Giresunspor Başkanı Karaahmet: Sonuçlar istediğimiz gibi gelmeyebilir ama futbol oynayacağız, sürekli hoca değişiklikleri Türkiye'nin kronik problemi

Giresunspor Başkanı Hakan Karaahmet, takımın son durumu, Süper Lig'de hakem tartışmalarını, döviz kurlarının kulüplere etkisi gibi konularda Independent Türkçe'nin sorularını yanıtladı

44 yıl aranın ardından Süper Lig'e yükselen Giresunspor, son haftalarda elde ettiği başarılı sonuçlarla adından söz ettiriyor.

Lige Galatasaray, Kasımpaşa, Trabzonspor ve Alanyaspor yenilgisiyle başlayan Giresunspor, ilk puanını Konyaspor'la 0-0 berabere kalarak elde etti.

6. haftada deplasmanda konuk olduğu Fenerbahçe'ye 2-1 yenilen yeşil-beyazlılar, 7. hafta sahasında Kayserispor ile 1-1 berabere kaldı.

Üst üste alınan kötü sonuçlarla ligin dibine demir atan Giresunspor, Süper Lig'in kronik sorunları arasında yer alan kötü sonuçlarda teknik direktör değişikliğine gitmedi ve Hakan Keleş'in arkasında durarak belki de bir ilke imza attı.

Giresunspor yönetimini, bu hamlesiyle takıma güvendiği mesajı vererek belki de başarılı sonuçların önünü açtı.

Karadeniz ekibi Süper Lig'in 8. haftasında deplasmanda Göztepe'yi 1-0, Çaykur Rizespor'u 2-0 yenerek ilk galibiyetlerine ulaştı.

Sonrasında oynadığı 3 maçta iki beraberlik, bir yenilgi alan "Çotanaklar", Yeni Malatyaspor'u 1-0, Beşiktaş'ı 4-0 ve Karagümrük'ü 3-1 mağlup ederek seri galibiyetler elde etti.

Giresunspor, 16. haftada ise Adana Demirspor'a uzatma dakikalarında yediği golle 1-0 mağlup oldu. 

"Ekstra bir motivasyon var ama herhangi bir kibir veya bir şımarıklık asla"

Giresunspor Başkanı Hakan Karaahmet, takımın son durumunu, üst üste alınan kötü sonuçlara rağmen teknik direktör değişimine gitmemesinin nedenlerini, Süper Lig'deki hakem tartışmalarını ve döviz kurlarının kulüplere etkisi ve daha birçok konuda Independent Türkçe'nin sorularını cevapladı. 

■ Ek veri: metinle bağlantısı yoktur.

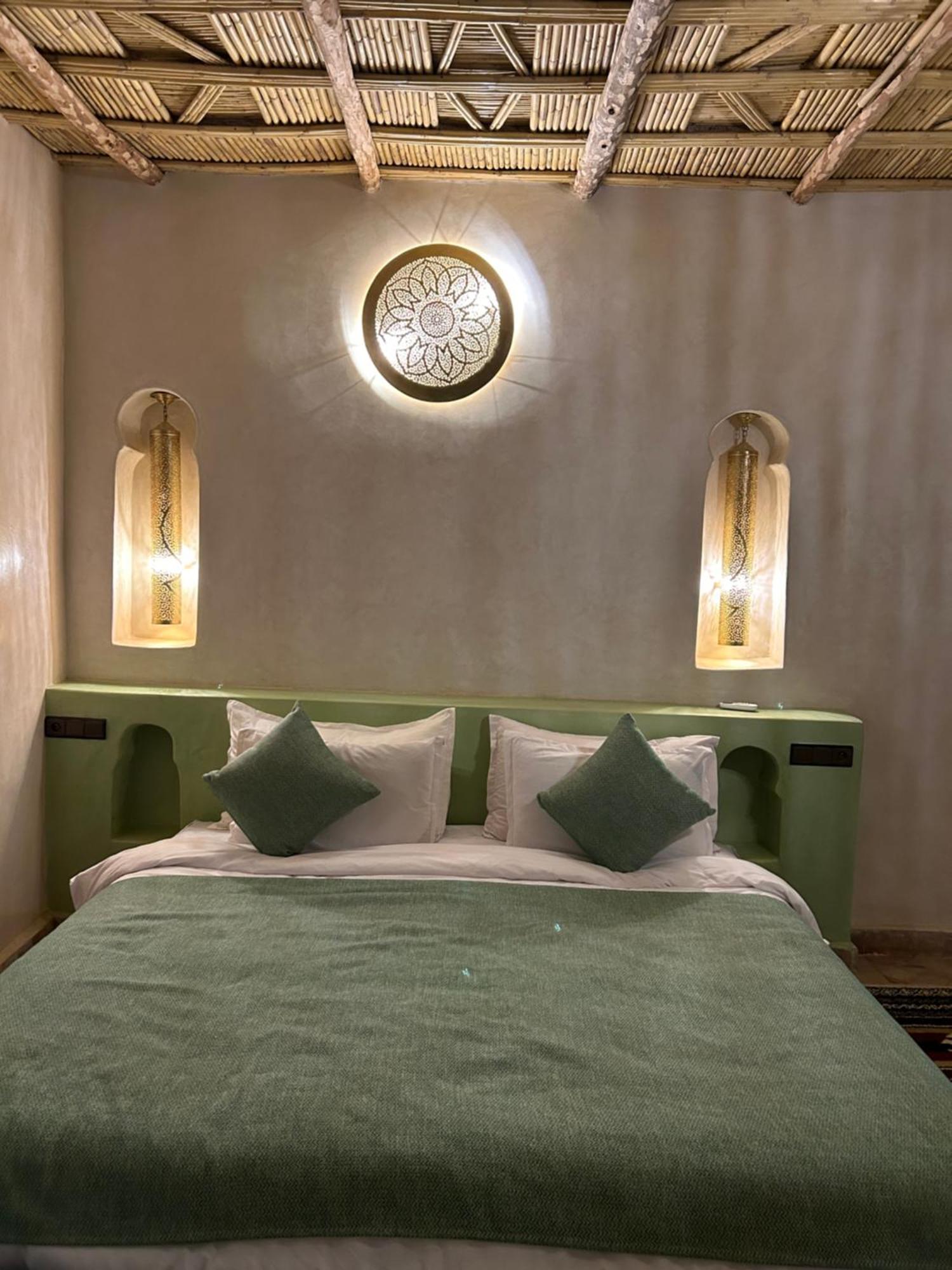 Dar Marhaba Merzouga Extérieur photo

Süper Lig'de üst üste puanlar topladınız. Son durumunuzu nasıl değerlendirirsiniz? sıralamadaki yerinizden memnun musunuz?

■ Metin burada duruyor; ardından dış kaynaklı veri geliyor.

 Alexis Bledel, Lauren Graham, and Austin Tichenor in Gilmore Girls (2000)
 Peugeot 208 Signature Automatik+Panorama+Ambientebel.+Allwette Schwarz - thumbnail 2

Son dönemlerde üst üste puanlar alarak takımımız yukarılara tırmanışını devam ettiriyor. İnşallah böyle devam eder. Bunun bize verdiği ekstra bir motivasyon var ama herhangi bir kibir veya bir şımarıklık asla. Ona ne ben müsaade ederim ne de benim takım arkadaşlarım. Bu sene çok ciddi bir takım ruhu oluştu bizde. Arkadaşlarımız ciddiyetini, neler yaptıklarını özellikle bunu en kötü zamanda algıladılar. İlk haftalar çok kötü gittiğini biliyoruz ama şu anda hiçbir şey onların kazanma hissinden alamaz. Hiçbir şey onları bu duygudan geri koyamaz. Havaları da böyle. Bu da beni son derece mutlu ediyor. Çünkü biz de başkanlar olarak ne yaparsak yapalım oraya geçmiyorsa bu olmaz. Yani sahada mücadele eden arkadaşlarımıza geçmesi gerekiyor. Benim arkadaşlarım şu anda hepimizden daha titiz ve hassaslar bu konuda. Hepsine de buradan teşekkür ediyorum. 

Hakan Karaahmet - Giresunspor (2).jpeg
Hakan Karaahmet, Süper Lig'deki kötü sonuçlara rağmen teknik direktör Hakan Keleş ile yola devam etme kararı aldı / Fotoğraf: Giresunspor

 

"Teknik direktör üç maç kaybederse sabrı zorluyor, dört maç olursa gönderiliyor, bu kronik bir problem"

Sezona kötü başladınız ve seri mağlubiyetler aldınız. Süper Lig'de teknik direktör değişimi gibi kronik bir sorun var ve siz bunu yapmadınız. Bu kararın arkasında durdunuz. Nasıl gelişti? 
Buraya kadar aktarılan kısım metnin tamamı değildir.